Problem to solve
Locate the line that contains "Promo Cabut Gigi s/d 15% Surabaya". Retype it and every line after it to the end of the records, exactly, but not the pictures.

Entries shown
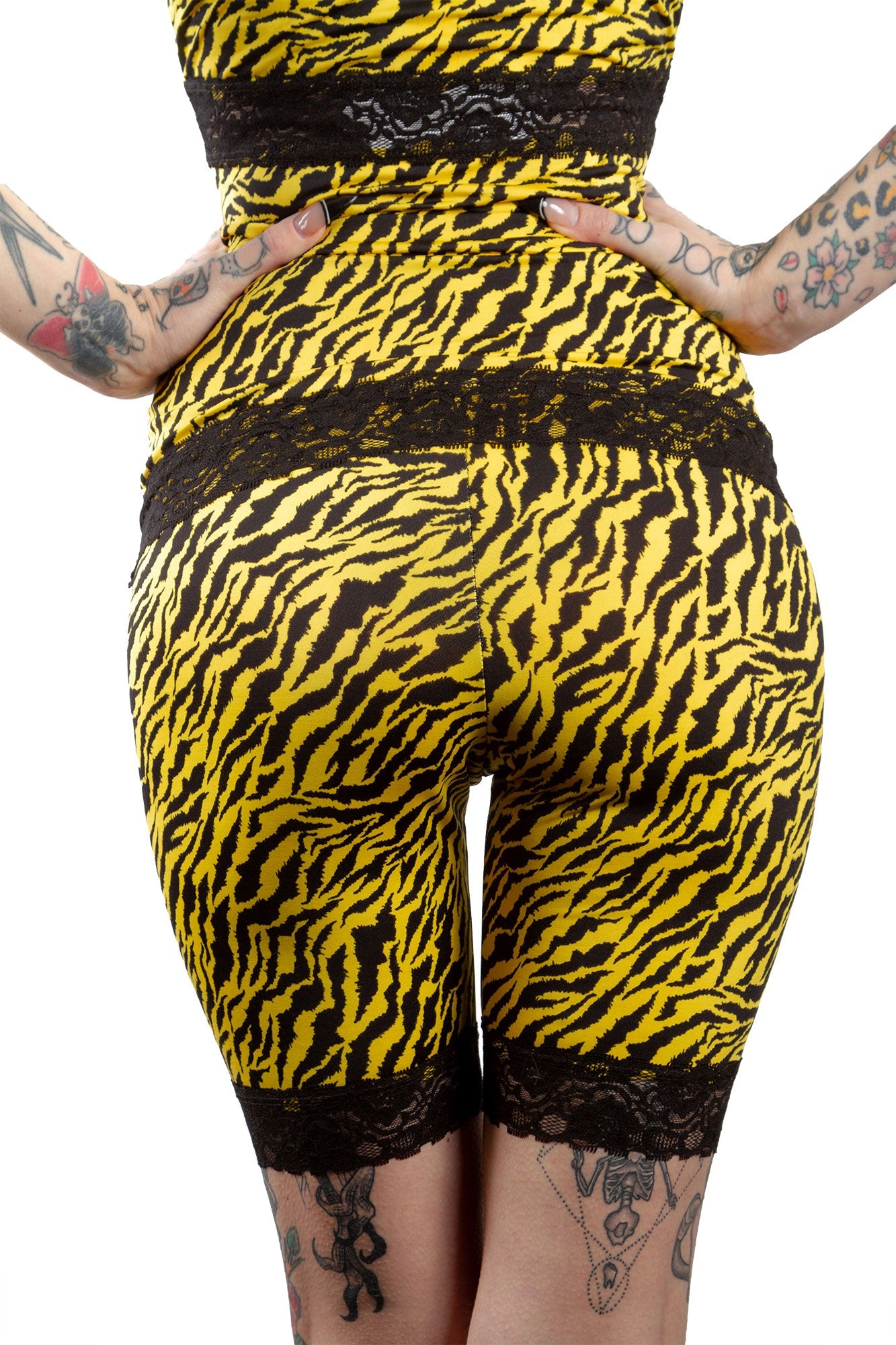 SOURPUSS HI WAIST PIZZAZZ SHORTS YELLOW ZEBRA Sourpuss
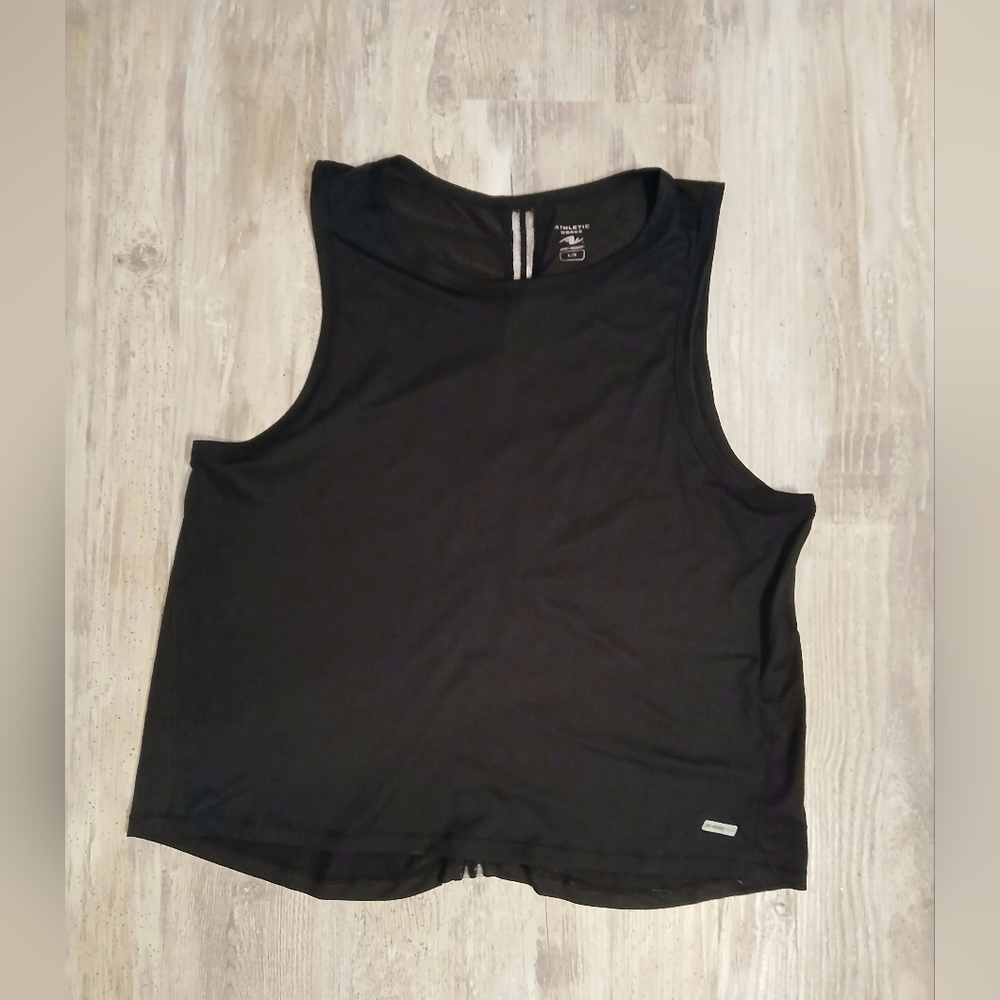 Athletic Works women's Lg black workout sleeveless top jersey cut out back
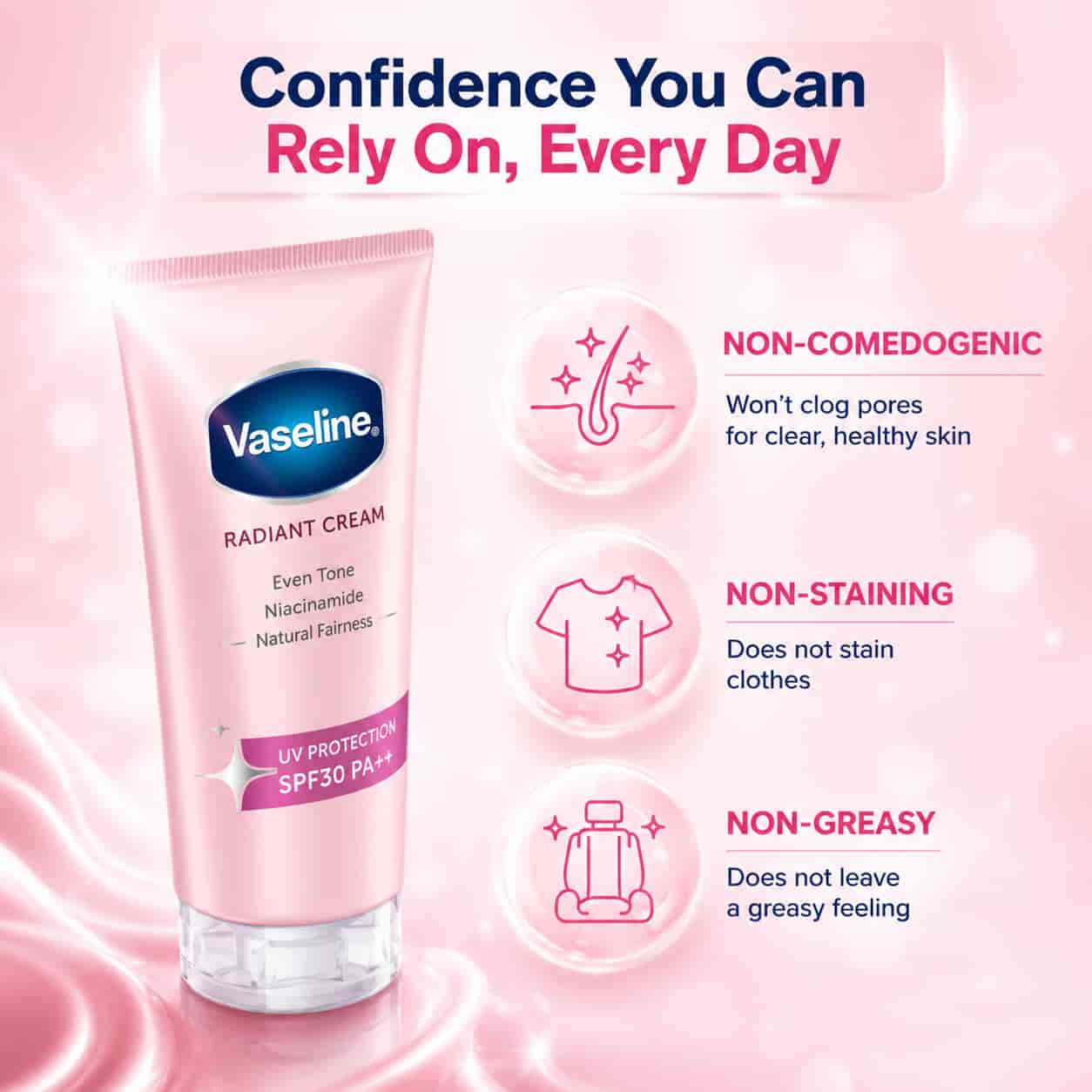 Vaseline Radiant Cream Sunscreen Tone-Up Natural Glow SPF30 PA++ 5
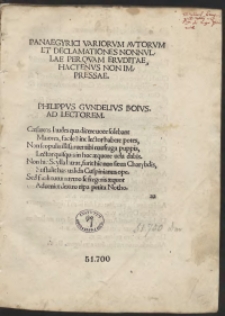 Panaegyrici Variorum Autorum Et Declamationes Nonnullae Perquam Eruditae, Hactenus Non Impressae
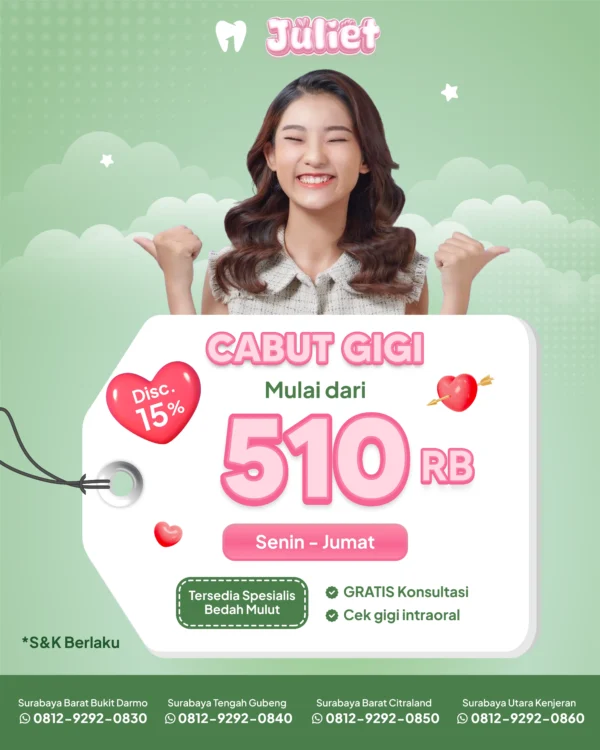 Promo Cabut Gigi s/d 15% Surabaya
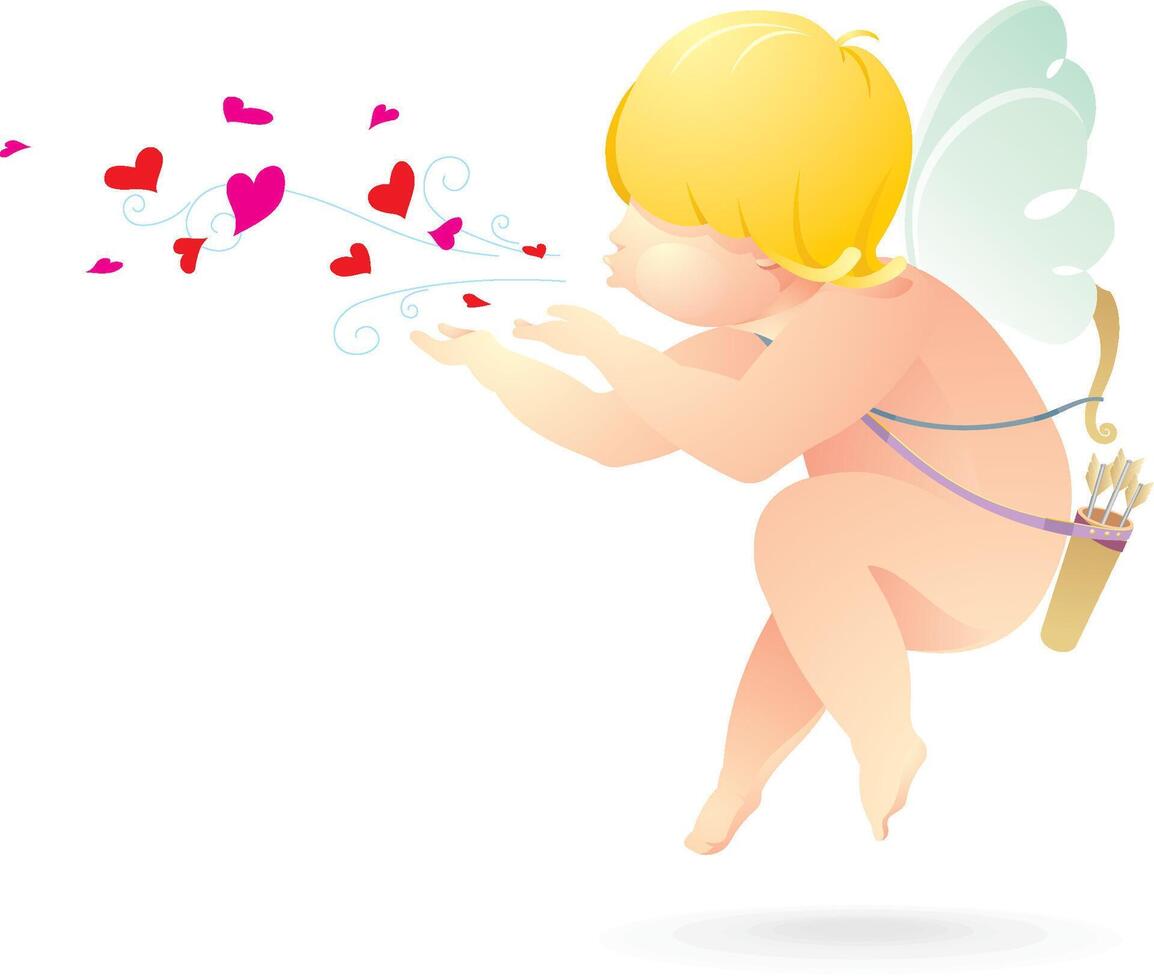 Valentine Cupid Spreading the Love Magic vector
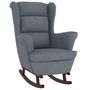 Voir la diapositive 2 : VIDAXL Fauteuil à bascule et pieds en bois d hévéa Gris foncé Velours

Reply to the exercise
 Promo Cabut Gigi s/d 15% Surabaya
 Valentine Cupid Spreading the Love Magic vector
 Voir la diapositive 2 : VIDAXL Fauteuil à bascule et pieds en bois d hévéa Gris foncé Velours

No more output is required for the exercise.